4.2 State-of-the-Art Comparison
We make comparisons with 12 state-of-the-art approaches. We use the
Area Under Curve (AUC) score as a metric, since it can well eliminate the interference of human factors. The results are shown in Table
1. We can find that these approaches achieve different scores across different datasets, which reveals detection difficulties and forgery traces are different across datasets. Despite this, our LPS model still achieves at least 0.03%, 5.04%, and 7.92% higher than other approaches on FaceForensics++, DFDC, and Celeb-DF(v2), respectively. The selective self-distillation fine-tuned LPS
\(_{ssd}\) model further improves the performance. The results imply a robust representation learning ability of our approach in deepfake video detection. We bold our proposed method in the first column and also bold the state of art results achieved by our models in Table
1.
We also analyze our model’s ROC curve, which can better eliminate the interference of human factors in setting different thresholds. The results from LPS model are shown in Figure
6. It is obvious that the results on two datasets are very close to the full coverage of the entire coordinate plane, which means our model can accurately identify all positive samples (True Positive Rate = 1) while ensuring that negative samples will not be misjudged (False Positive Rate = 0). In other words, all of the samples can be almost classified correctly. The results demonstrate that our detector can achieve near perfect discriminate ability with proper threshold settings. Meanwhile, as for the two curves, when the false-positive rates are the same, the true-positive rates from Celeb-DF(v2) are higher than those from FaceForensics++, which is consistent with the accuracy of the results.

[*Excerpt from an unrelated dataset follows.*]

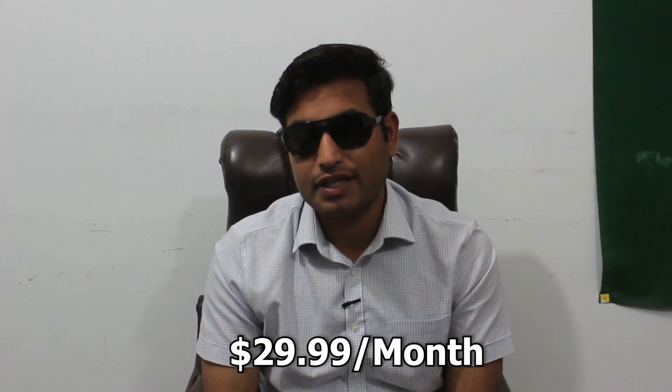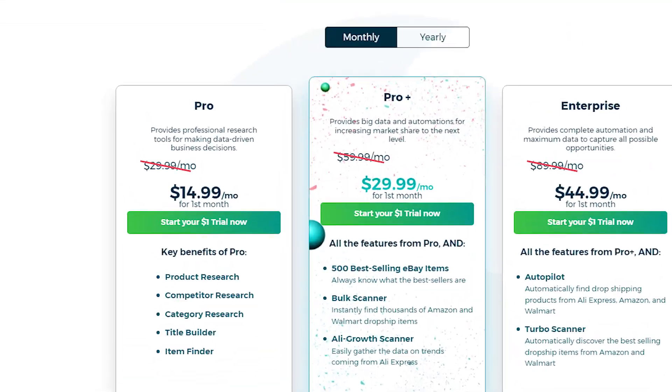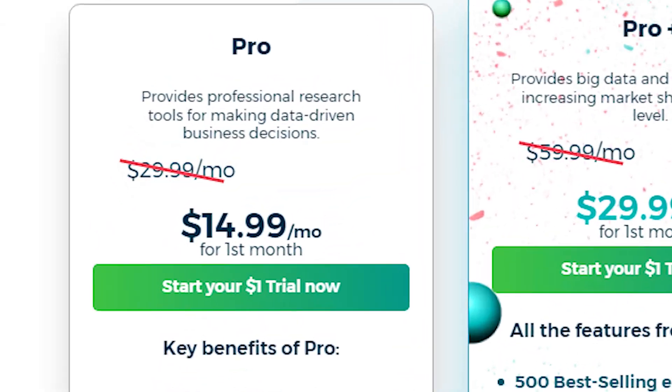Is it paid or free? It's a paid tool. It will cost you $29.99 per month. Right now it's available at 50% off because of Christmas sales.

Besides, to demonstrate effectiveness of the predictive representation learning, we further train an extra model
\({\bf LPS_{ri}}\) by first randomly initializing with random parameters and then learning in an end-to-end manner like [
40]. As shown in Table
1, it is observed that the predictive representation learning boosts detection performance by around 10% on average, proving its efficient pattern learning ability with a better initial starting point.
4.3 Generalizability Analysis
To demonstrate the model’s generalization ability, we conduct cross-dataset experiments. The results are presented in Table
2. We discover that using Celeb-DF(v2) as a training set gets better testing results generally, proving it contains more representative features in all kinds of fake videos. Although the results vary across different datasets, we can also find that their AUC scores are totally over 70% with LPS and 80% with LPS
\(_{ssd}\). Meanwhile, as for deepfake datasets, the fake samples are usually 2 or 3 times more than real samples and fake clues are too weak to confuse with real samples [
53]. When learning on unbalanced training samples, the CNN-based detector easily falls into the trap of overfitting [
24], especially in the DFDC dataset [
10]. To evaluate the model robustness against overfitting, we also report the Recall and Precision scores that are mainly defined with true positive, false negative, and false positive, which calculate the effect of positive samples’ proportion. Thus, Recall and Precision are suitable to measure the overfitting situation [
7]. From Table
2, the Recall and Precision scores suggest that our model well avoids overfitting and obtains an impressive performance on different datasets. We also note that the AUC on Celeb-DF(v2) reaches 84.22% with LPS and 88.52% with LPS
\(_{ssd}\) even when training on DFDC, which still exceeds many prior approaches such as Multi-task [
36] and MesoNet [
1]. We also note that the selective self-distillation fine-tuned LPS
\(_{ssd}\) consistently improves model performance. These results show the generalization ability of our approach and the strong adaptability of the learned representations.
4.4 Component Analysis
After the promising detection performance is achieved, we further analyze the impact of each component in our approach, including localizer, encoder, aggregator, predictor, memory bank, classifier, and selective self-distillation fine-tuning.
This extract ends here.